At the cost of progress, we’ve messed up repeatedly. Think of land allotment and land acquistion, or building industries along riverbeds and lakes. Look at the state of public schooling, racial biases, resource crunches, all of which we’ve created for ourselves as a species. There are several more issues, but the worst thought was how pathetic we are at getting cities right.

I think it’s an art – a fine-balance between the rigidity that Boey Kim Cheng describes in this poem (Gandhinagar), and the utter chaos that is a city like Bengaluru. It’s rare to find something that’s bang in the middle. I love namma ooru, but, it’s universally agreed that urbanization messed up the city in more ways than one (though I live in the ubanized part of the city, that didn’t exist 15 years ago).

Then I thought about something.

What would our species look like trying to build society on another planet, right down from scratch? What sort of economic system would we have? What sort of allocations would we prescribe? What sort of governance would exist, should we get to Mars?

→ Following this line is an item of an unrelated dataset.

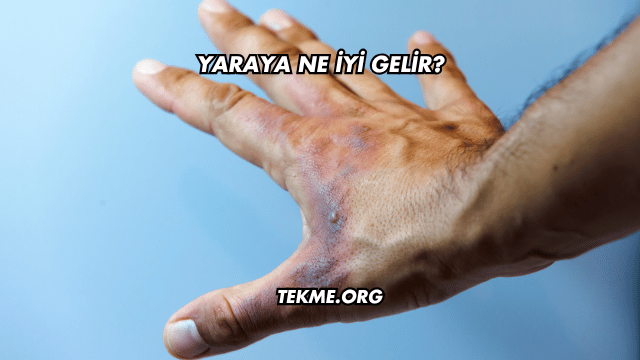 Yaraya Ne İyi Gelir?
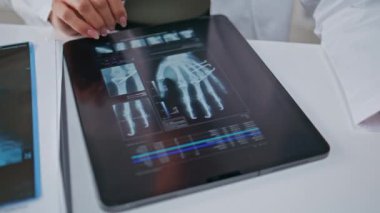 Radyolog klinikteki dijital tablette el röntgeni görüntülerini inceliyor. Bilinmeyen sağlık uzmanı kemik yapısını analiz ediyor. Radyografik muayene yapan kadın tıp uzmanı..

I have no answers to these questions, mere counterfactuals.

And that’s a disturbing thought. I mean, is humanity worth saving?

At that very moment, I received, in my hands, a basil pesto mayonnaise tomato cheese sandwich.

Humanity is worth saving after all.

 

The Worst Question I Ask

What’s up?

Offlate, I’ve recognized that in an attempt to prolong conversation with an individual that I’m enjoying conversation with, I ask “What’s Up?”, or variants thereof, which extend to “What’re You Upto?”, or “What’re You Doing?”

While only a part of this is because I legitimately am interested in what people are doing, because it provides an ample opening to gauge what hobbies individuals have, often, I ask this question to escape the monotonous route conversations have died off into, in an attempt to resuscitate them, or to provide a segue to some more interesting conversation.

Recently, someone I was chatting with asked me,  “How was your day?”

A question I’ve only heard from my parents before.

And in an instant, a rush of things I had done in the last 8/12 hours passed through my head. I found it so thoughtful and concerning that an individual was interested in how I had spent my day, and whether I had actually enjoyed it, or, how everything I had done made me feel.

I was buzzing, and my hands typed out things rapidly.

Till I took a breather from my phone and picked up a book, kicking back on my bed to read, and realized.

That “How was your day?” was just a macro version of “What’s Up?”. Because “What’s Up?” refers to a singular moment or minute, while “How was your day?” refers to 8/12 hours, or a longer period of time.

This confused me greatly.

Apologies for the June posts, I know I wrote far less frequently than I did in May. Maybe I can make up for everything in July.